:: What is expected ::
Only the pictures are to be left out; please reproduce everything else in the data exactly.
Available data Start Marker
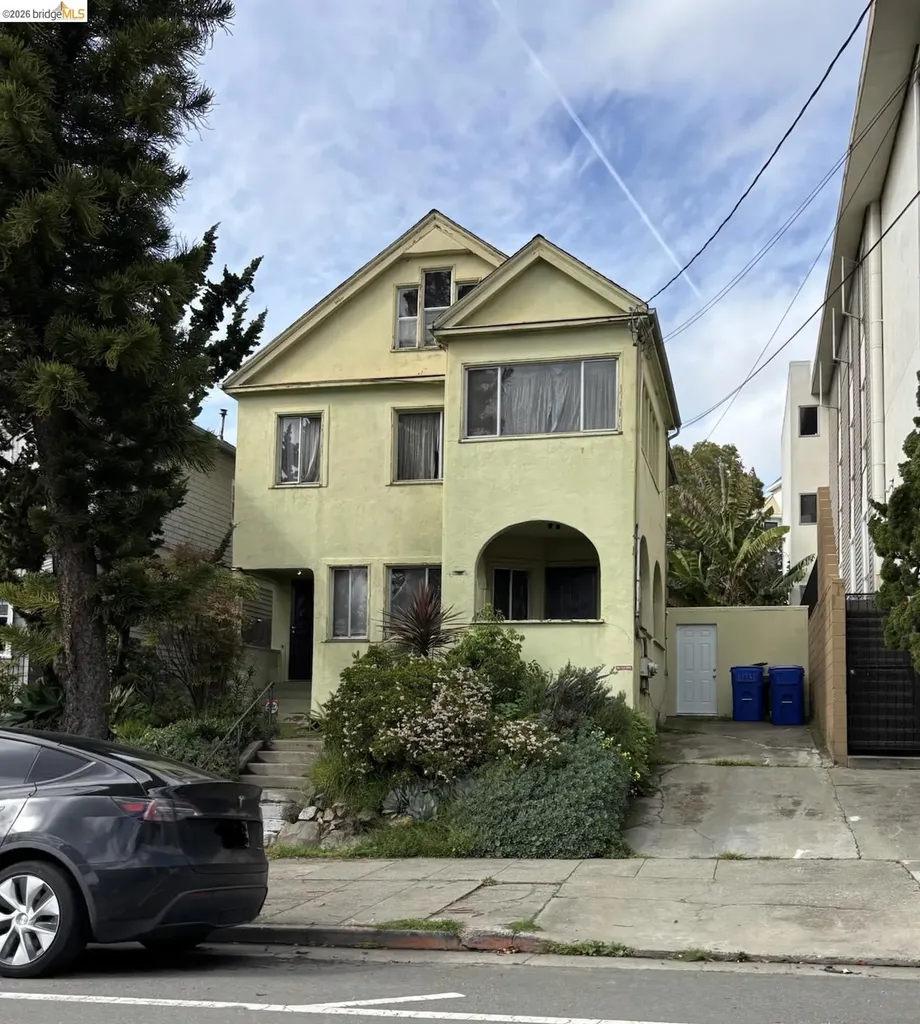 Oakland CA, 4035 Howe Street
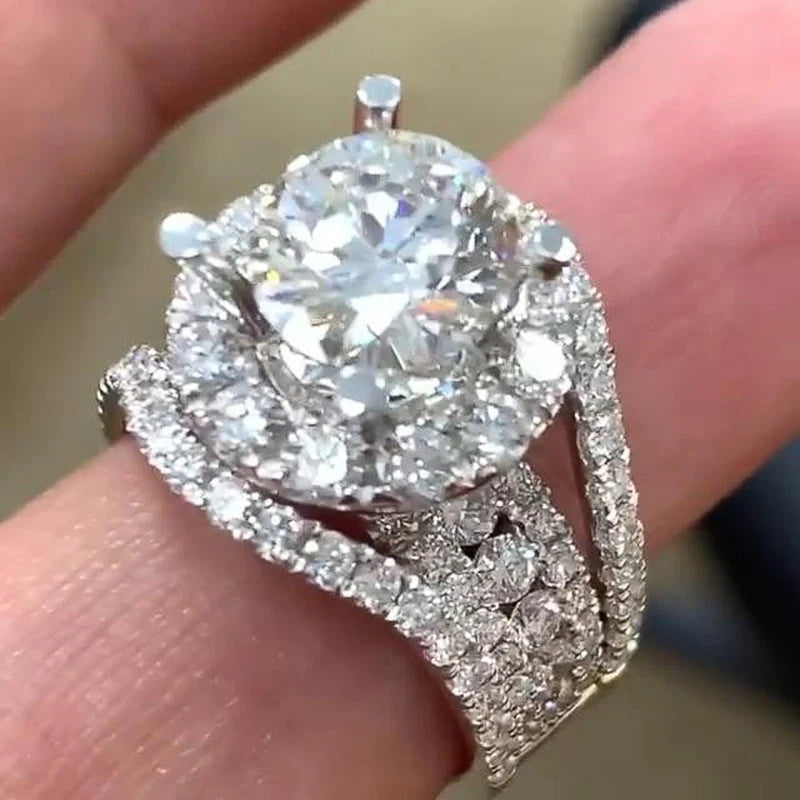 Huitan Women's Rings for Wedding Engagement Accessories Luxury Cubic Zirconia Ring Modern Design Evening Party Lady's Jewelry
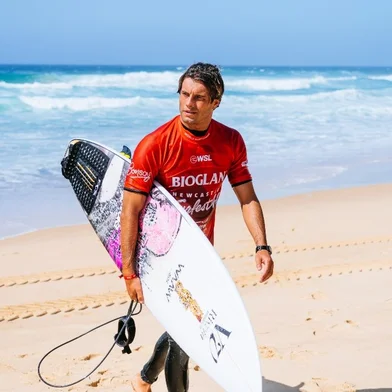 Mateus  Herdy, surfe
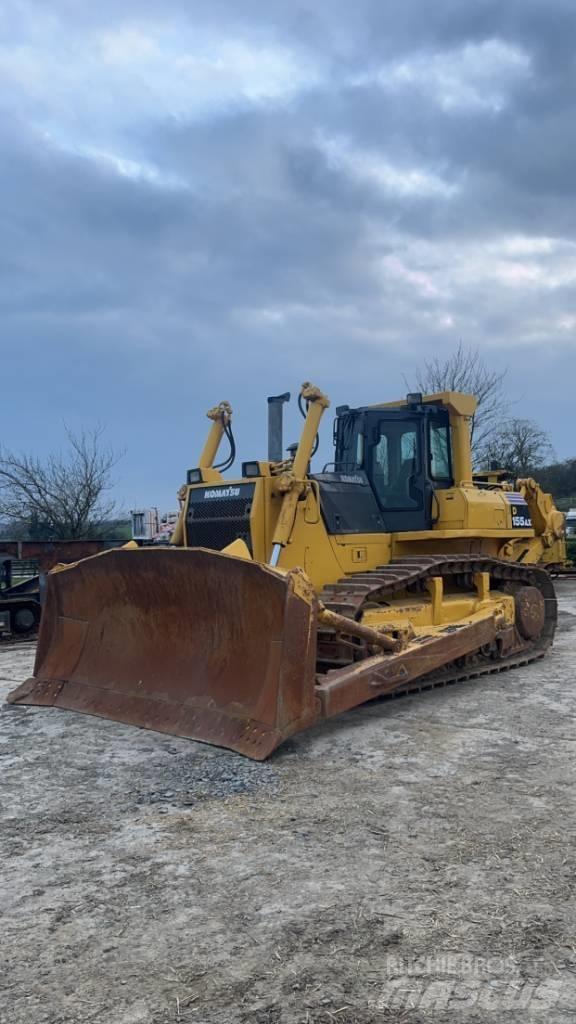 Komatsu D 155 AX-5 Pásové dozery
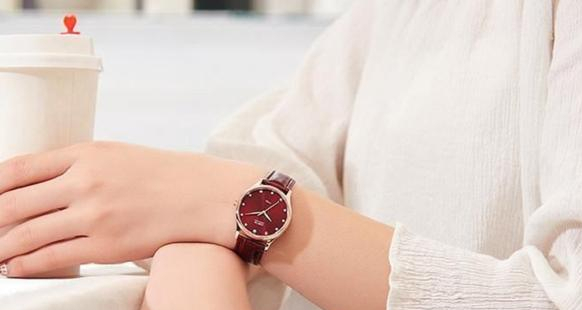女生右手戴手表代表什么意思?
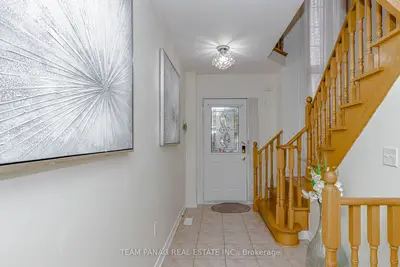 38 Mountland Road, Brampton, On L6p 2a7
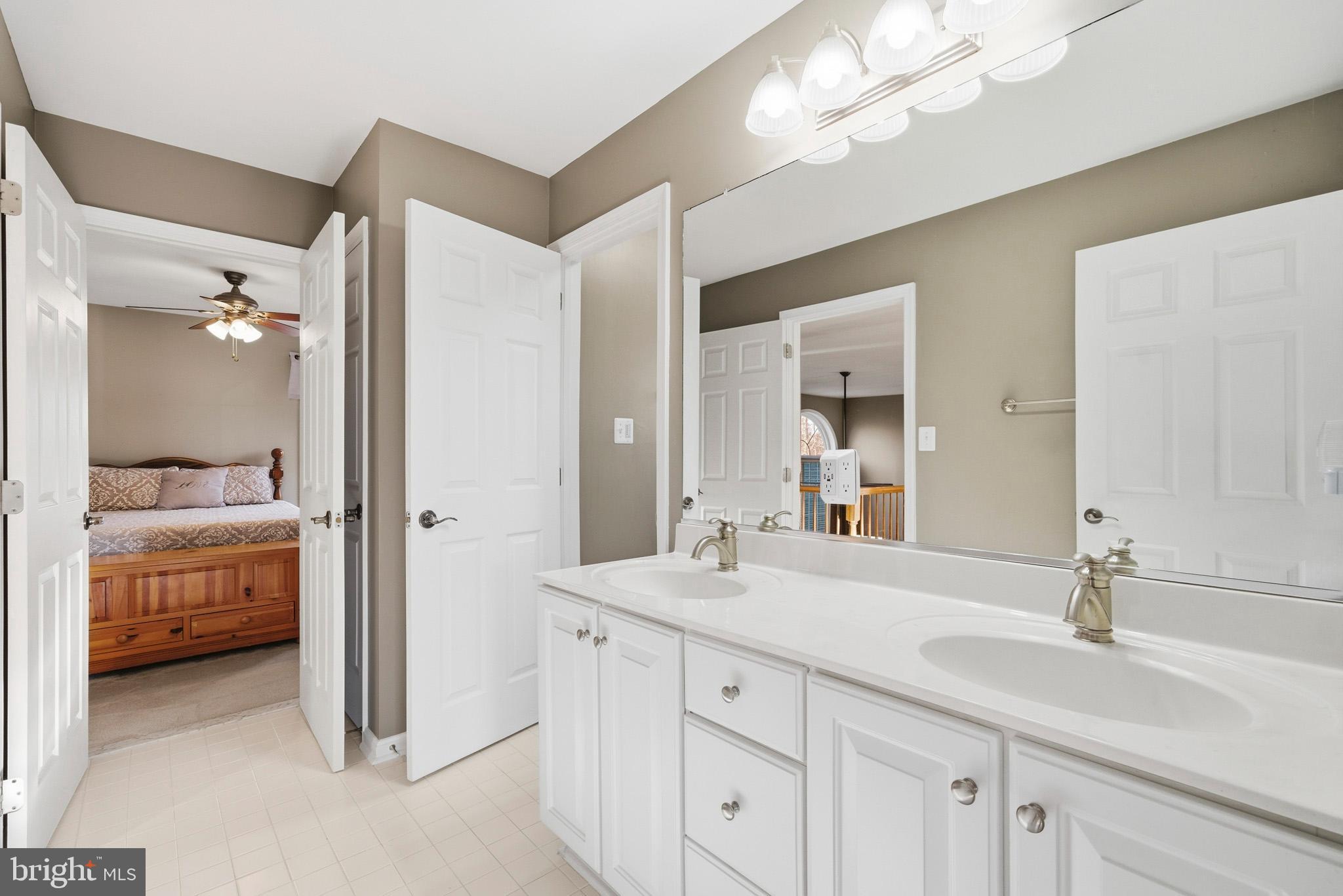 QUEENSBERRY - Residential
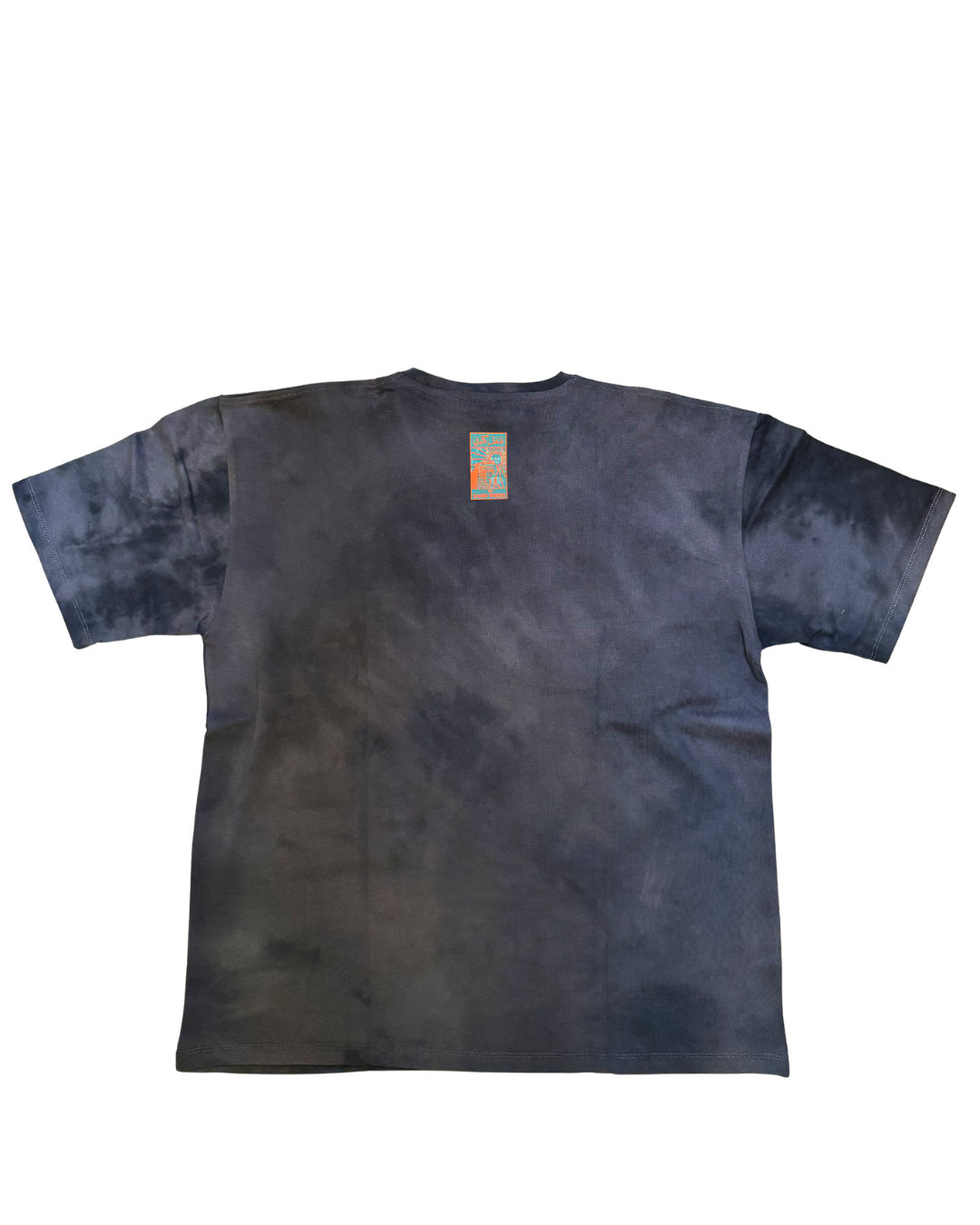 Ana Qot Hor  Oversized Tee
Available data End Marker
:: Exercise result ::
 Oakland CA, 4035 Howe Street
 Huitan Women's Rings for Wedding Engagement Accessories Luxury Cubic Zirconia Ring Modern Design Evening Party Lady's Jewelry
 Mateus  Herdy, surfe
 Komatsu D 155 AX-5 Pásové dozery
女生右手戴手表代表什么意思?
 38 Mountland Road, Brampton, On L6p 2a7
 QUEENSBERRY - Residential
 Ana Qot Hor  Oversized Tee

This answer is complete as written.